§ PROMPT
Copy every record exactly, with nothing left out.

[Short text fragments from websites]
□ □ □ □ □ □ □

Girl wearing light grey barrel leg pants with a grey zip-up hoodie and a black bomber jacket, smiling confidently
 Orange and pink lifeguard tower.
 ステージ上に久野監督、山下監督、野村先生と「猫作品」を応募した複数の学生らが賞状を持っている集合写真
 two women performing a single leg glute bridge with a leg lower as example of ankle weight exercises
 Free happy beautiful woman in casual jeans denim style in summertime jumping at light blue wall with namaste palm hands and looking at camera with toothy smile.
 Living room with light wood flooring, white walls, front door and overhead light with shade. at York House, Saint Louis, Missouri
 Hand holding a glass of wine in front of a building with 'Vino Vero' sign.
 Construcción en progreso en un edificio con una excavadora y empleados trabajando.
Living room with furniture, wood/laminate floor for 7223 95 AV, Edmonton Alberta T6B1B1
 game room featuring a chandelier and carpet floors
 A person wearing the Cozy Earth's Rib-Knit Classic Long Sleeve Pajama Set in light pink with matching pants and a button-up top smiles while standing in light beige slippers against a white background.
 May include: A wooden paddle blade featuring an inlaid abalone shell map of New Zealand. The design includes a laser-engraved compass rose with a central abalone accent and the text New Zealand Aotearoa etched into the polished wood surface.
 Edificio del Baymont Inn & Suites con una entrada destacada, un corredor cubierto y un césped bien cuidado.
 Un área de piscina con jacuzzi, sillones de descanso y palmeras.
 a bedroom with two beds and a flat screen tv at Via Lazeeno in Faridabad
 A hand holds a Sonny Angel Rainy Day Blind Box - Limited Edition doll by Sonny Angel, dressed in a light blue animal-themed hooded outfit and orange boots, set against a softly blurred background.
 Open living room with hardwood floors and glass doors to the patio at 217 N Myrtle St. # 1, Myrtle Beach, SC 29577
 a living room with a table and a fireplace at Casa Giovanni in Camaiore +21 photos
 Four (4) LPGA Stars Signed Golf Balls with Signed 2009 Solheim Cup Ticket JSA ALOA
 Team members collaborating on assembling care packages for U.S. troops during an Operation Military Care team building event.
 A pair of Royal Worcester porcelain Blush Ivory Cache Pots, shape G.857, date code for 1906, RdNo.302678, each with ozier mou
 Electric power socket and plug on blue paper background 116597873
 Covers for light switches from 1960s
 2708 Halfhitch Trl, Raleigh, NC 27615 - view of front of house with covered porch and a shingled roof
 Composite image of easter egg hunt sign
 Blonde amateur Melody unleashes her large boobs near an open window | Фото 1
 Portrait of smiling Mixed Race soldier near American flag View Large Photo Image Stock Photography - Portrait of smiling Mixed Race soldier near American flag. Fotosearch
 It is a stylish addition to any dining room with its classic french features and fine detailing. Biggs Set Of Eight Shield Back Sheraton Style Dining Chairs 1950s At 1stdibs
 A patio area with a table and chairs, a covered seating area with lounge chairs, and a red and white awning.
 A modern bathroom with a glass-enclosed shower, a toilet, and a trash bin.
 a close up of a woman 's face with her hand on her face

□ □ □ □ □ □ □

§ OUTPUT FOR THIS TASK
Girl wearing light grey barrel leg pants with a grey zip-up hoodie and a black bomber jacket, smiling confidently
 Orange and pink lifeguard tower.
 ステージ上に久野監督、山下監督、野村先生と「猫作品」を応募した複数の学生らが賞状を持っている集合写真
 two women performing a single leg glute bridge with a leg lower as example of ankle weight exercises
 Free happy beautiful woman in casual jeans denim style in summertime jumping at light blue wall with namaste palm hands and looking at camera with toothy smile.
 Living room with light wood flooring, white walls, front door and overhead light with shade. at York House, Saint Louis, Missouri
 Hand holding a glass of wine in front of a building with 'Vino Vero' sign.
 Construcción en progreso en un edificio con una excavadora y empleados trabajando.
Living room with furniture, wood/laminate floor for 7223 95 AV, Edmonton Alberta T6B1B1
 game room featuring a chandelier and carpet floors
 A person wearing the Cozy Earth's Rib-Knit Classic Long Sleeve Pajama Set in light pink with matching pants and a button-up top smiles while standing in light beige slippers against a white background.
 May include: A wooden paddle blade featuring an inlaid abalone shell map of New Zealand. The design includes a laser-engraved compass rose with a central abalone accent and the text New Zealand Aotearoa etched into the polished wood surface.
 Edificio del Baymont Inn & Suites con una entrada destacada, un corredor cubierto y un césped bien cuidado.
 Un área de piscina con jacuzzi, sillones de descanso y palmeras.
 a bedroom with two beds and a flat screen tv at Via Lazeeno in Faridabad
 A hand holds a Sonny Angel Rainy Day Blind Box - Limited Edition doll by Sonny Angel, dressed in a light blue animal-themed hooded outfit and orange boots, set against a softly blurred background.
 Open living room with hardwood floors and glass doors to the patio at 217 N Myrtle St. # 1, Myrtle Beach, SC 29577
 a living room with a table and a fireplace at Casa Giovanni in Camaiore +21 photos
 Four (4) LPGA Stars Signed Golf Balls with Signed 2009 Solheim Cup Ticket JSA ALOA
 Team members collaborating on assembling care packages for U.S. troops during an Operation Military Care team building event.
 A pair of Royal Worcester porcelain Blush Ivory Cache Pots, shape G.857, date code for 1906, RdNo.302678, each with ozier mou
 Electric power socket and plug on blue paper background 116597873
 Covers for light switches from 1960s
 2708 Halfhitch Trl, Raleigh, NC 27615 - view of front of house with covered porch and a shingled roof
 Composite image of easter egg hunt sign
 Blonde amateur Melody unleashes her large boobs near an open window | Фото 1
 Portrait of smiling Mixed Race soldier near American flag View Large Photo Image Stock Photography - Portrait of smiling Mixed Race soldier near American flag. Fotosearch
 It is a stylish addition to any dining room with its classic french features and fine detailing. Biggs Set Of Eight Shield Back Sheraton Style Dining Chairs 1950s At 1stdibs
 A patio area with a table and chairs, a covered seating area with lounge chairs, and a red and white awning.
 A modern bathroom with a glass-enclosed shower, a toilet, and a trash bin.
 a close up of a woman 's face with her hand on her face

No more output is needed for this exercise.